We dug into some of the studies to find out exactly why narcissists can be manager material — and when their self-absorption can work to their detriment.
1. They demonstrate vision.
According to Michael Maccoby, Ph.D., author of "The Productive Narcissist," there are two types of narcissism: productive and unproductive. Productive narcissists make good leaders largely because they can see the big picture. It isn't hard for them to envision the road ahead for their company.
Productive narcissists also have an advantage over other personality types because they aim to leave behind a legacy. In other words, Maccoby writes, they don't "extrapolate to understand the future — they attempt to create it."
On the other hand, unproductive narcissists have lost all sense of self-awareness and try to fulfill unrealistic dreams for themselves and their organization.
2. They attract followers easily.
Because narcissists are so focused on making a good impression, they often come off as highly charismatic and their arrogance seems like confidence.
Maccoby writes that narcissists usually demonstrate this charisma through powerful, inspiring language. They can excite an entire crowd of people with their energy and enthusiasm.
The problem is that narcissists who receive such adulation can become even more self-assured, ignoring meaningful advice from other people.
3. They're highly persuasive.
Research suggests that narcissists can convince pretty much anyone that their ideas are swell — a quality that's especially useful in entrepreneurs.
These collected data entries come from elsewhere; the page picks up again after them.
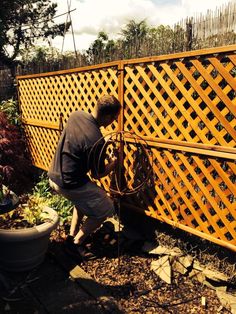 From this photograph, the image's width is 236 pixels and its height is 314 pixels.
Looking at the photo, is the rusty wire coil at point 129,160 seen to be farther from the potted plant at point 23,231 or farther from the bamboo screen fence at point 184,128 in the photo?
the potted plant at point 23,231

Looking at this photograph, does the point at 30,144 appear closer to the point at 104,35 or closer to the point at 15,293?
the point at 15,293

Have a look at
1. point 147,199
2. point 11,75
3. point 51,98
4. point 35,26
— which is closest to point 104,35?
point 35,26

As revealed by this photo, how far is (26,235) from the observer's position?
2.97 m

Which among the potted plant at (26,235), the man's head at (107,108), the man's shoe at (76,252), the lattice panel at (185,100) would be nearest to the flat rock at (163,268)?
the man's shoe at (76,252)

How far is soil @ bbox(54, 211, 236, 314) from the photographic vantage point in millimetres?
2797

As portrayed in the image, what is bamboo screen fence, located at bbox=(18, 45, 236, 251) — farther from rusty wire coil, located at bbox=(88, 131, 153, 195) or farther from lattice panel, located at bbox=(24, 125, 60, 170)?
lattice panel, located at bbox=(24, 125, 60, 170)

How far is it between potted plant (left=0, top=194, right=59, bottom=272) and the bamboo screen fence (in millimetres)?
1093

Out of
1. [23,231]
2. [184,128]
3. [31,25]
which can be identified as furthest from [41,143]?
[31,25]

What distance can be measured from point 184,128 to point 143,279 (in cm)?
152

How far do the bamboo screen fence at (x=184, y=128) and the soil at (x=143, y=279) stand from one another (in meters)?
0.34

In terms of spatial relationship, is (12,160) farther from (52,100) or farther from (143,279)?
(143,279)

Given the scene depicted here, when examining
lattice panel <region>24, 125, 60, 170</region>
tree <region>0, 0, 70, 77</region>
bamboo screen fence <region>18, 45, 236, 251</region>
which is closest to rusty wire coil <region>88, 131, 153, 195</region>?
bamboo screen fence <region>18, 45, 236, 251</region>

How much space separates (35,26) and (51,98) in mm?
17222

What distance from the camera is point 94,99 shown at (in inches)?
166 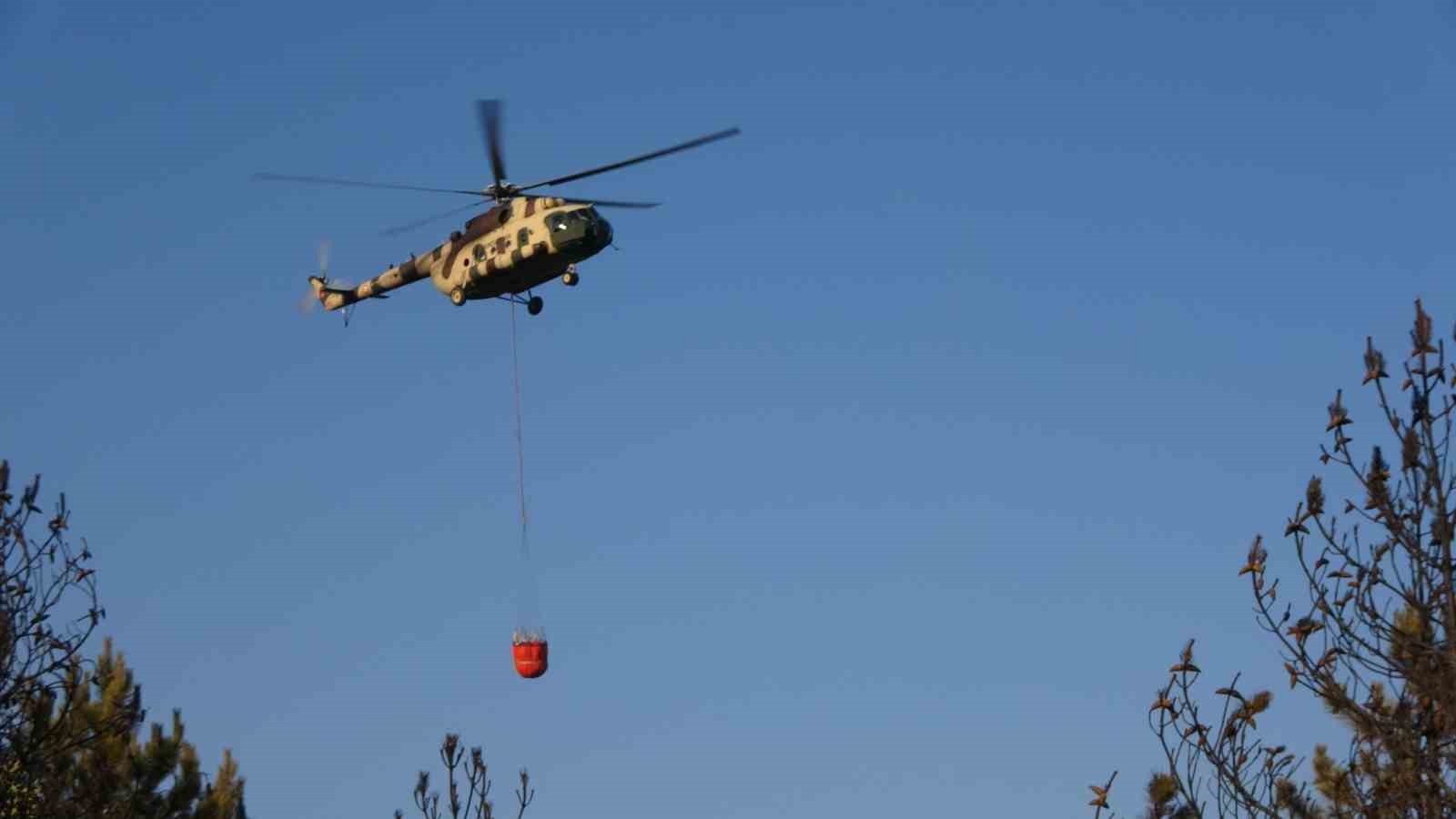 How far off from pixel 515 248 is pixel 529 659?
27.2 ft

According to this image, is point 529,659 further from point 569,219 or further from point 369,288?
point 369,288

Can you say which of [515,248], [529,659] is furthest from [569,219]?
[529,659]

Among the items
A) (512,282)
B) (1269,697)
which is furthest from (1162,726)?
(512,282)

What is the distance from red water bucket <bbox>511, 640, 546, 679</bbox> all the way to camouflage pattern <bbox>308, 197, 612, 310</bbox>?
757 cm

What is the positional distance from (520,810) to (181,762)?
1079 centimetres

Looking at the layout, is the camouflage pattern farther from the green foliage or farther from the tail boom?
the green foliage

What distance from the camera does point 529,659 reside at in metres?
34.8

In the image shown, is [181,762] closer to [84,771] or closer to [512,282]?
[84,771]

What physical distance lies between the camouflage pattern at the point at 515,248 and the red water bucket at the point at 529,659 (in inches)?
298

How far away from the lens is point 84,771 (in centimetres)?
3117

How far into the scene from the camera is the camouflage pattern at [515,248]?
1463 inches

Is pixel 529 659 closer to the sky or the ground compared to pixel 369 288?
closer to the ground

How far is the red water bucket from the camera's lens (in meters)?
34.7

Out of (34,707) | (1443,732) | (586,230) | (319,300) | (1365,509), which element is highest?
(319,300) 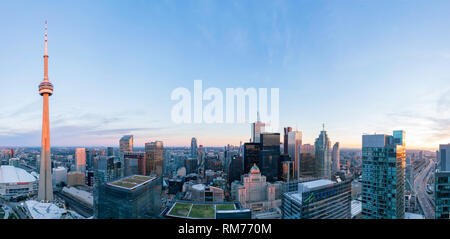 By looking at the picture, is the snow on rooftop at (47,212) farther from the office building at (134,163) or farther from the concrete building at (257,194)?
the concrete building at (257,194)

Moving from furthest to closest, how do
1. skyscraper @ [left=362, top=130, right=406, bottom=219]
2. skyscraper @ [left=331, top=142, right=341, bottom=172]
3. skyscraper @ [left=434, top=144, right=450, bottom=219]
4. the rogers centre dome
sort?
skyscraper @ [left=331, top=142, right=341, bottom=172]
the rogers centre dome
skyscraper @ [left=362, top=130, right=406, bottom=219]
skyscraper @ [left=434, top=144, right=450, bottom=219]

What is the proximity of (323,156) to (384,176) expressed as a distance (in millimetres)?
20450

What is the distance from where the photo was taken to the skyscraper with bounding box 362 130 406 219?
24.3 ft

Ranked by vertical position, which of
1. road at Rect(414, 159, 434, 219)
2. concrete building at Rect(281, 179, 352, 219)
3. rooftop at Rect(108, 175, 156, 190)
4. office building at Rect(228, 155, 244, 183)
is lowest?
office building at Rect(228, 155, 244, 183)

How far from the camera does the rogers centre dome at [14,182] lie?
1382 cm

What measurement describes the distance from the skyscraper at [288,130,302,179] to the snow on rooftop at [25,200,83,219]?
25.0 m

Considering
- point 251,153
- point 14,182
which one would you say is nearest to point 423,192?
point 251,153

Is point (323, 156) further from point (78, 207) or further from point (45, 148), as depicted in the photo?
point (45, 148)

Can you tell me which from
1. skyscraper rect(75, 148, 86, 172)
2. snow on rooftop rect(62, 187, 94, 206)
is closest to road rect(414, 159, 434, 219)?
snow on rooftop rect(62, 187, 94, 206)

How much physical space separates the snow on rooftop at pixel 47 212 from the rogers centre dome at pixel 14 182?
6.27 meters

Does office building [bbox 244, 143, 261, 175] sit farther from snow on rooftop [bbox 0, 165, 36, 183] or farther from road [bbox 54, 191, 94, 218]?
snow on rooftop [bbox 0, 165, 36, 183]

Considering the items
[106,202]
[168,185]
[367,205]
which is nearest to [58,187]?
[168,185] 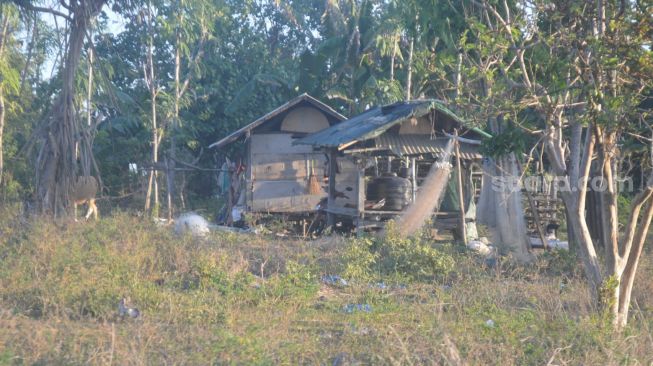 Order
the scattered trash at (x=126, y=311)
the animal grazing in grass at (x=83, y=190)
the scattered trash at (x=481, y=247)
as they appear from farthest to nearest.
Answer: the animal grazing in grass at (x=83, y=190)
the scattered trash at (x=481, y=247)
the scattered trash at (x=126, y=311)

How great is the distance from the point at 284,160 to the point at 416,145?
4.80 m

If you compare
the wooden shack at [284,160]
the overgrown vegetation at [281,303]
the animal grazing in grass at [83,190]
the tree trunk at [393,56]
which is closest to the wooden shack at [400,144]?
the overgrown vegetation at [281,303]

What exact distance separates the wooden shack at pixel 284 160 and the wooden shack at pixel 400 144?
2712 mm

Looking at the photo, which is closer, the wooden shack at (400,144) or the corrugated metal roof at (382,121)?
the corrugated metal roof at (382,121)

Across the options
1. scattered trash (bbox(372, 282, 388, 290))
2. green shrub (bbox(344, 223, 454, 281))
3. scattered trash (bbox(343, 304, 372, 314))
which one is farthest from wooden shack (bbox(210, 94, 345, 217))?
scattered trash (bbox(343, 304, 372, 314))

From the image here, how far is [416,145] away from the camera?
537 inches

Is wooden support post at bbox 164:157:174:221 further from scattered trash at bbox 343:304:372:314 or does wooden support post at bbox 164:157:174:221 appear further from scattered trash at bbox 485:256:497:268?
scattered trash at bbox 343:304:372:314

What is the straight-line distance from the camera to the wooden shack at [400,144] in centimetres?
1326

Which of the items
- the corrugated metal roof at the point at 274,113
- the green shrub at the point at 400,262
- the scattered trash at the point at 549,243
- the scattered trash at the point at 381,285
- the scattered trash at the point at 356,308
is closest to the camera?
the scattered trash at the point at 356,308

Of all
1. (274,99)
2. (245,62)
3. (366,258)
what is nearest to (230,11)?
(245,62)

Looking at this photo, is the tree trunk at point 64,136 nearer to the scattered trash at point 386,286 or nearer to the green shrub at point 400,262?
the green shrub at point 400,262

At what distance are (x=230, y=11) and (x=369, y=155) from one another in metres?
13.2

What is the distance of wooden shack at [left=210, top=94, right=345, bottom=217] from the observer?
17.3m

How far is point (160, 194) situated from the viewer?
22.1 metres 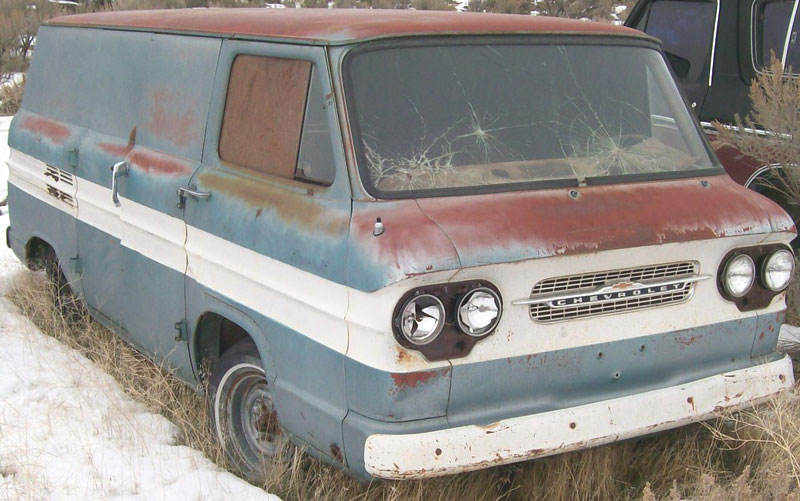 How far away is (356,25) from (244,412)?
171 centimetres

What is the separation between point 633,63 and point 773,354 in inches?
54.4

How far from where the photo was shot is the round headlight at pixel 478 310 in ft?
10.8

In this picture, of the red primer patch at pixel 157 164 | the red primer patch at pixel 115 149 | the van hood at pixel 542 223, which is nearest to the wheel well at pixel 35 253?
the red primer patch at pixel 115 149

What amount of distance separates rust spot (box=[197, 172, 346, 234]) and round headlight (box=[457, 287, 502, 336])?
500mm

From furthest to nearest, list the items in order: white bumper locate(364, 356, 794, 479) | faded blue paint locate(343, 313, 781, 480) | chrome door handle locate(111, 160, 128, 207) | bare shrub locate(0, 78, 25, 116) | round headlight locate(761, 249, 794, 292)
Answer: bare shrub locate(0, 78, 25, 116) < chrome door handle locate(111, 160, 128, 207) < round headlight locate(761, 249, 794, 292) < faded blue paint locate(343, 313, 781, 480) < white bumper locate(364, 356, 794, 479)

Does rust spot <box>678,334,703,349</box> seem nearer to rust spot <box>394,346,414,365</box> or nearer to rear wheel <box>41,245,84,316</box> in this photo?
rust spot <box>394,346,414,365</box>

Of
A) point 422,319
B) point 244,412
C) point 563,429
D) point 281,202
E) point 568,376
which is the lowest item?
point 244,412

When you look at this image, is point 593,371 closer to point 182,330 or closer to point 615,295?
point 615,295

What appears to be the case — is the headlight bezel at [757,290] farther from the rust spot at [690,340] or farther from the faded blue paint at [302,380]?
the faded blue paint at [302,380]

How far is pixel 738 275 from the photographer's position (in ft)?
12.4

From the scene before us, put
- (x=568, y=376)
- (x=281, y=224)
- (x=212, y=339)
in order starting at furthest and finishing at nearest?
1. (x=212, y=339)
2. (x=281, y=224)
3. (x=568, y=376)

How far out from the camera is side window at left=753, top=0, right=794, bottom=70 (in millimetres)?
6488

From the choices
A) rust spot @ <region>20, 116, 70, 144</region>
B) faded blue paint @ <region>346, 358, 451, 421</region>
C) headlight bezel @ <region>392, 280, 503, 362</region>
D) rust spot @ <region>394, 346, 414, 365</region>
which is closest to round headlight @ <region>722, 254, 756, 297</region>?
headlight bezel @ <region>392, 280, 503, 362</region>

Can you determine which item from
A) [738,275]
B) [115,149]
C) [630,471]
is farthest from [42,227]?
[738,275] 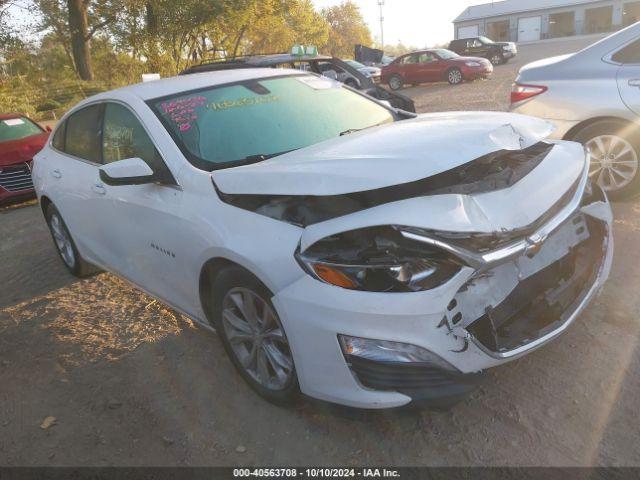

They present their thoughts with tremendous enthusiasm, so much so that it's hard to disagree with them.
But trouble may arise when narcissists are working with other narcissists. Each one may be convinced that their ideas are the only ones worth pursuing, and they may end up accomplishing nothing.
4. They're not afraid to take risks.
Multiple studies suggest that highly narcissistic CEOs are more inclined to take risks with their companies than less narcissistic leaders, and are more likely to deviate from the status quo. In situations where radical changes are needed to save a company, narcissistic leaders have the confidence that other personality types wouldn't.
At the same time, narcissistic CEOs can also lead their companies to disaster by taking unnecessary risks just for the sake of gaining attention.